Par Claire BOMMELAER

Journaliste

Article paru dans "Le Figaro"

Pour l'ancien premier ministre, les enquêtes d'opinion servent à « faire pression sur ceux qui vont voter ».

 
C'EST dans le XXe arrondissement de Paris, dans un lieu aujourd'hui « branché » dans lequel où « Jean Jaurès s'était exprimé il y a un ­siècle », que Laurent Fabius a tenu un de ses derniers meetings de campagne. Une rencontre au cours de laquelle les quelque 400 participants n'ont pas manqué d'évoquer l'affaire de la vidéo de Ségolène Royal (lire ci-dessus). « Elle veut remettre en cause les 35 heures sauf pour les profs, c'est absurde », jugeait un militant, tandis que l'entourage de Laurent Fabius se défendait avec la dernière énergie d'avoir « contribué à la fuite » de la vidéo. Accueilli aux cris de « Laurent président », le candidat socialiste avait choisi de faire court.
 
Premier angle d'attaque : les sondages. Alors que le Journal du dimanche le donnait hier à 9 %, il a estimé qu'on « utilise les sondages sur des gens qui ne vont pas voter pour faire pression sur ceux qui vont voter ». Le leader socialiste a d'ailleurs écrit à tous les adhérents du PS pour leur donner un conseil : « Ne pas se laisser guider par ce que les autres sont censés voter, mais pour ce que toi tu veux pour ton pays et pour la gauche ».
 
Les fondamentaux de la gauche
 
« Êtes-vous obligés de suivre l'idéologie dominante ou êtes-vous libres ? » a-t-il lancé.
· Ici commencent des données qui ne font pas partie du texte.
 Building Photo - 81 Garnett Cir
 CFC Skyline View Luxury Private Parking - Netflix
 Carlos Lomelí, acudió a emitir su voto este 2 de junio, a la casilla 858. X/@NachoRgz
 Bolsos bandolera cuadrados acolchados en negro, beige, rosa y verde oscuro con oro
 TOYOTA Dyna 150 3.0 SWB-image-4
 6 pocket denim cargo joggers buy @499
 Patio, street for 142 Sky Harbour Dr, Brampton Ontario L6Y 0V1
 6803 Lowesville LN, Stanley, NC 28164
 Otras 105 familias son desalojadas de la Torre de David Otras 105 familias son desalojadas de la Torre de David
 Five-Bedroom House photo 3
Selon lui, la question n'est d'ailleurs pas de savoir qui part gagnant mais « qui saura garder les voix et les rassembler », sachant qu'« on ne peut rassembler toute la gauche que sur des positions de gauche ». « Nous ne sommes pas seuls », a-t-il rappelé aux militants socialistes. Pendant une demi-heu­re, Lau­rent Fabius s'est donc attaché à prononcer un discours résolument de gauche, orienté sur les questions sociales : la laïcité, l'Afrique et, bien sûr, l'éducation - ce que le candidat considère être les fondamentaux de la gauche et de la République.
 
« Parlons de l'école de façon positive, accordons un soutien supplémentaire à ceux sans qui l'école n'existe pas, les enseignants. Regardez aux États-Unis, les directeurs d'établissement choisissent eux-mêmes le corps enseignant, et c'est la marchandisation de l'école qui est en marche », a-t-il lancé devant un auditoire conquis. Regrettant que cette campagne interne touche à sa fin, l'ex-premier ministre a conclu en revendiquant sa filiation avec François Mitter­rand : « Quand on est candidat, on doit être porteur d'une vision et d'un futur. Le plus moderne n'est jamais celui auquel on pense », a-t-il prévenu.